(Saved entries)
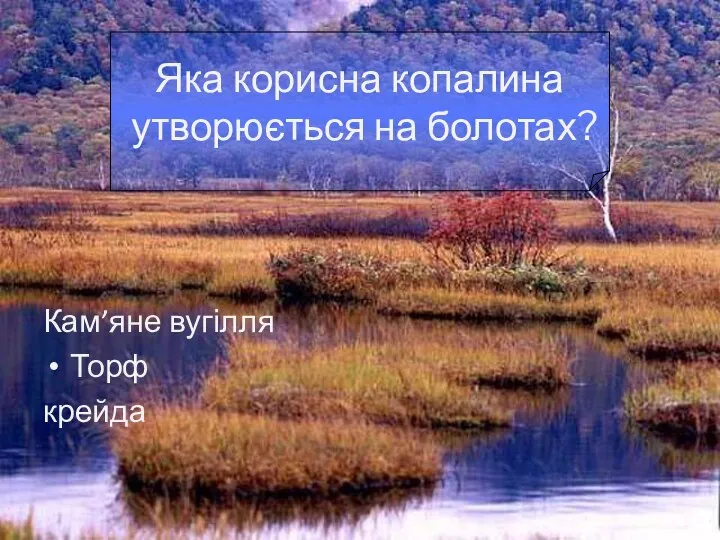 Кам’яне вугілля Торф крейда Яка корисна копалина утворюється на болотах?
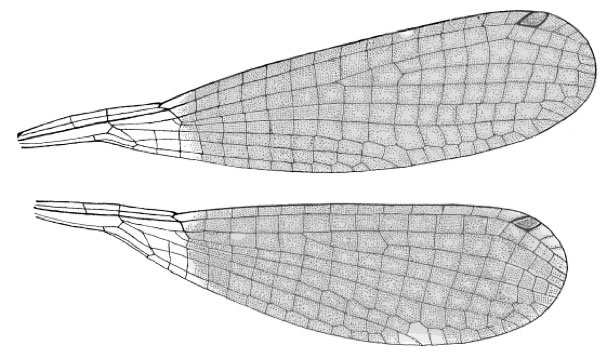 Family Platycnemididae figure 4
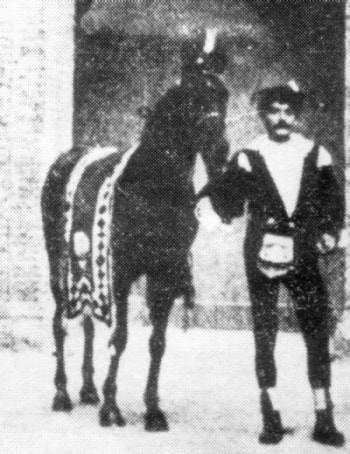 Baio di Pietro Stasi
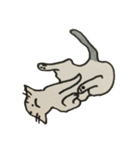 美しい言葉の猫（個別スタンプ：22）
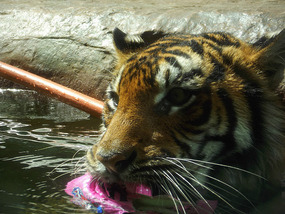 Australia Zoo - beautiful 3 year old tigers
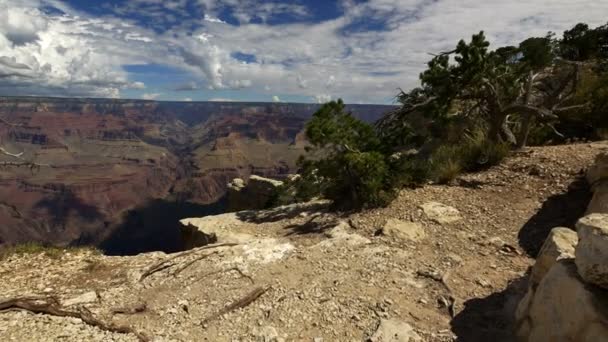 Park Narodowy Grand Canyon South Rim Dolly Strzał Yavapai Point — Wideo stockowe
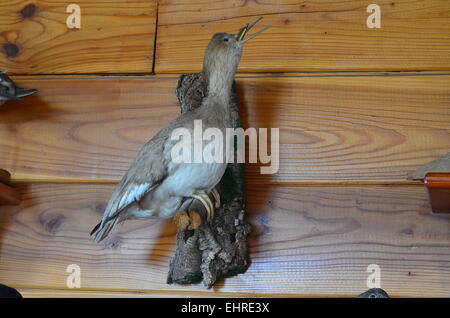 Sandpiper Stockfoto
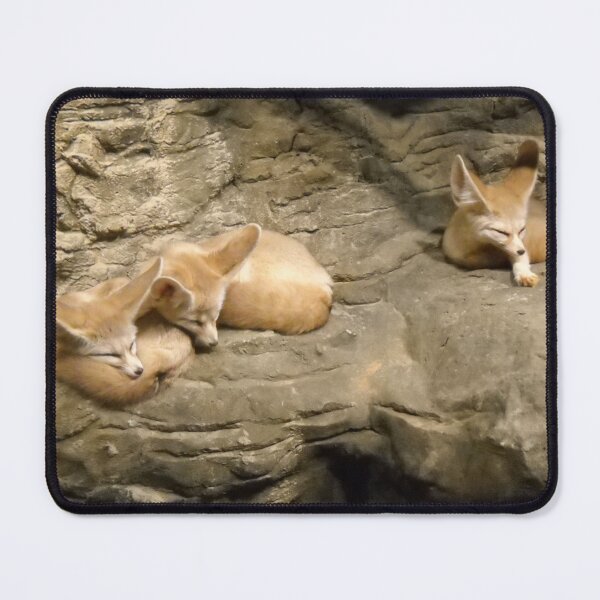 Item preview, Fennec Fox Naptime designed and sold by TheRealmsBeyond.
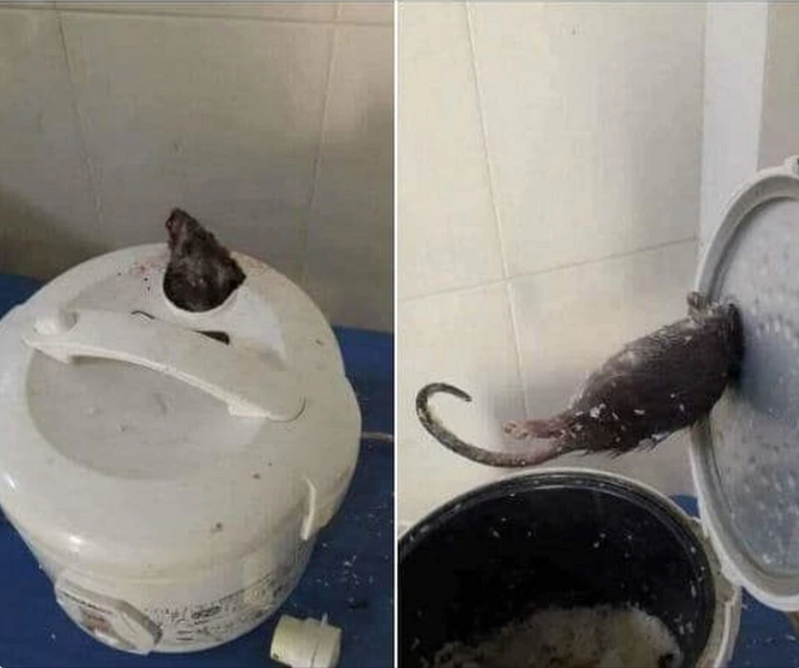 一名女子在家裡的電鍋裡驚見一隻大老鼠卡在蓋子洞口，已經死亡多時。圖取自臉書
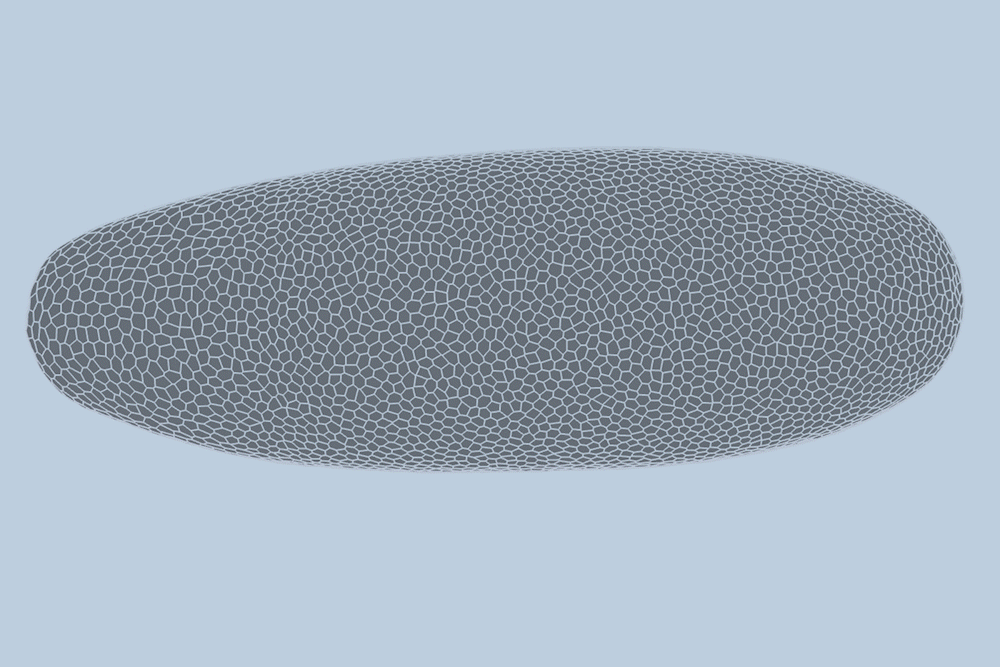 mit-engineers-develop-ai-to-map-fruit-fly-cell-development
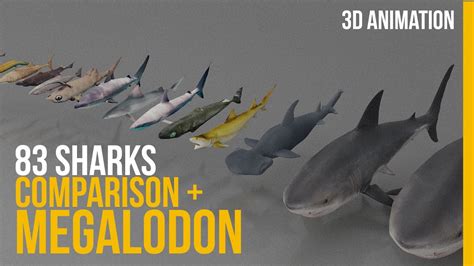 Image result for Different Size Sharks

> [Goal of the exercise]: Please restate word for word each line from the one containing "Item preview, Fennec" to the end of the data above, without the pictures.

> [Completed task]:
 Item preview, Fennec Fox Naptime designed and sold by TheRealmsBeyond.
 一名女子在家裡的電鍋裡驚見一隻大老鼠卡在蓋子洞口，已經死亡多時。圖取自臉書
 mit-engineers-develop-ai-to-map-fruit-fly-cell-development
 Image result for Different Size Sharks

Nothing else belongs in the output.